It's typically easy for us to pray prayers of petition, asking God to help us in our time of need.
Even praying prayers of thanksgiving can be easy, as we might thank God for responding to one of our requests.
Prayers of praise, however, are not usually on our to-do list. We don't always think about praising God for his goodness.
The Catechism of the Catholic Church reminds us of this type of prayer in its section on prayer:
Praise is the form of prayer which recognizes most immediately that God is God.

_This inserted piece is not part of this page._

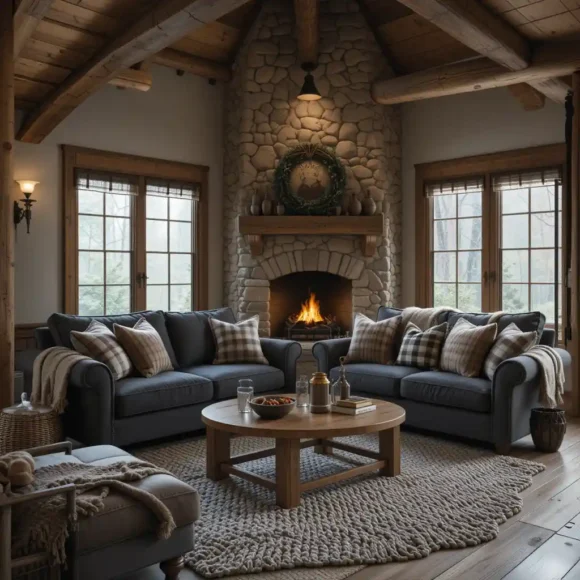 Cozy Cabin Retreat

It lauds God for his own sake and gives him glory, quite beyond what he does, but simply because HE IS. It shares in the blessed happiness of the pure of heart who love God in faith before seeing him in glory.
The most perfect form of praise is to simply praise God for "his own sake," not in response to a favor granted, but simply because he is God and we love him.
Praise can also encapsulate all of our prayers and further bring them to God:
By praise, the Spirit is joined to our spirits to bear witness that we are children of God, testifying to the only Son in whom we are adopted and by whom we glorify the Father. Praise embraces the other forms of prayer and carries them toward him who is its source and goal: the "one God, the Father, from whom are all things and for whom we exist."
Do we ever praise God? If we do, how often do we praise God for simply being God?
As we examine our own prayer life, we should consider what role praise has in it.